__Records for this exercise__

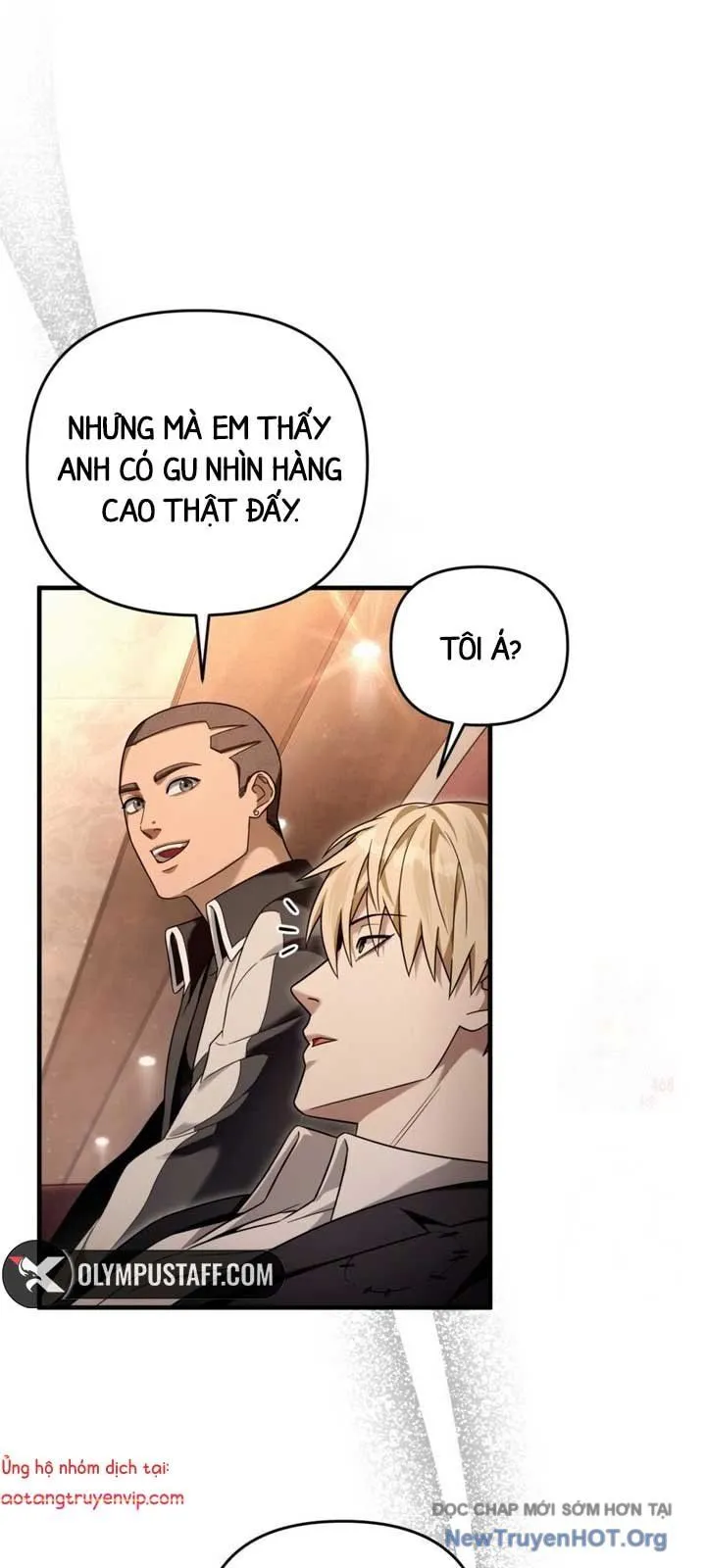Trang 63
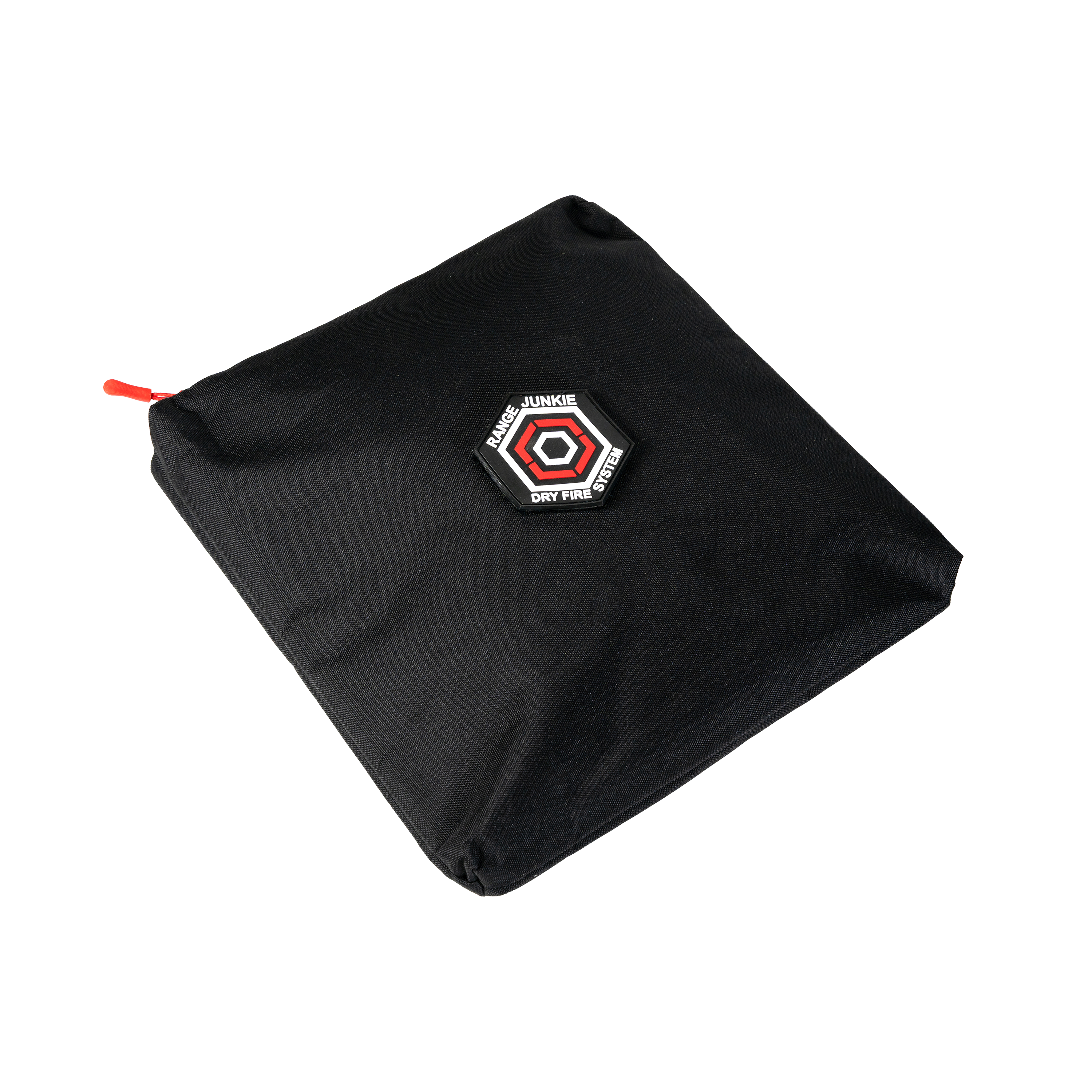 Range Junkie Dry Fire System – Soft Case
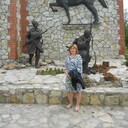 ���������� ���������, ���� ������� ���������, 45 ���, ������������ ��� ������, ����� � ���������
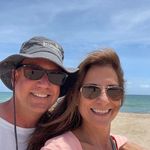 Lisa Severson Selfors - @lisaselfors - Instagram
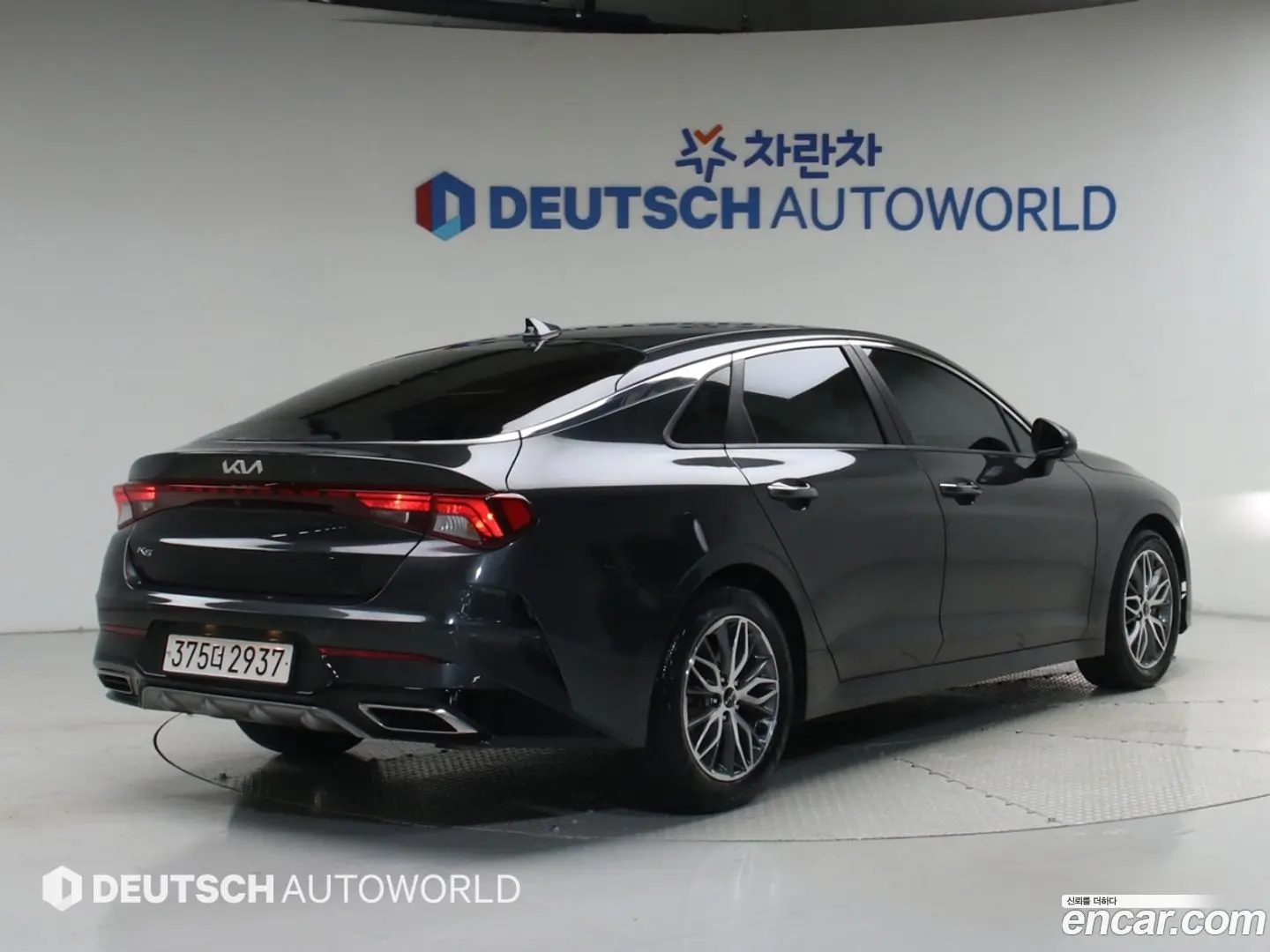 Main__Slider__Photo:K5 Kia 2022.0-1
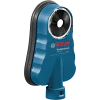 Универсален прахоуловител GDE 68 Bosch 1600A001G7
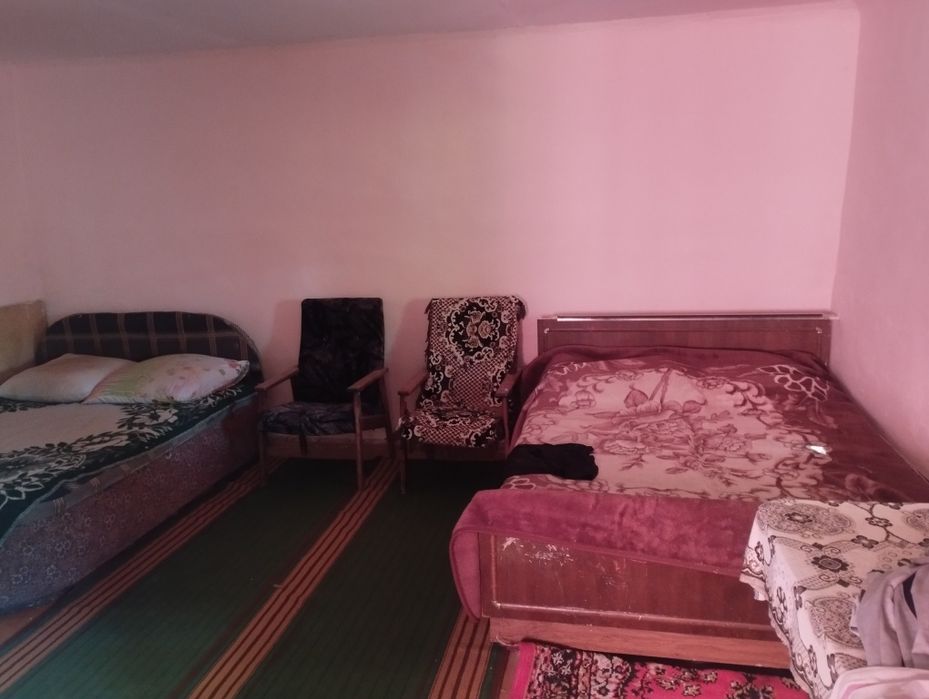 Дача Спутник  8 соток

__What you need to do__
Only the lines from the one containing "Main__Slider__Photo:K5 Kia 2022.0-1" through the end of the records should be copied, exactly and with both ends included; the pictures should not.

__Written solution__
 Main__Slider__Photo:K5 Kia 2022.0-1
 Универсален прахоуловител GDE 68 Bosch 1600A001G7
 Дача Спутник  8 соток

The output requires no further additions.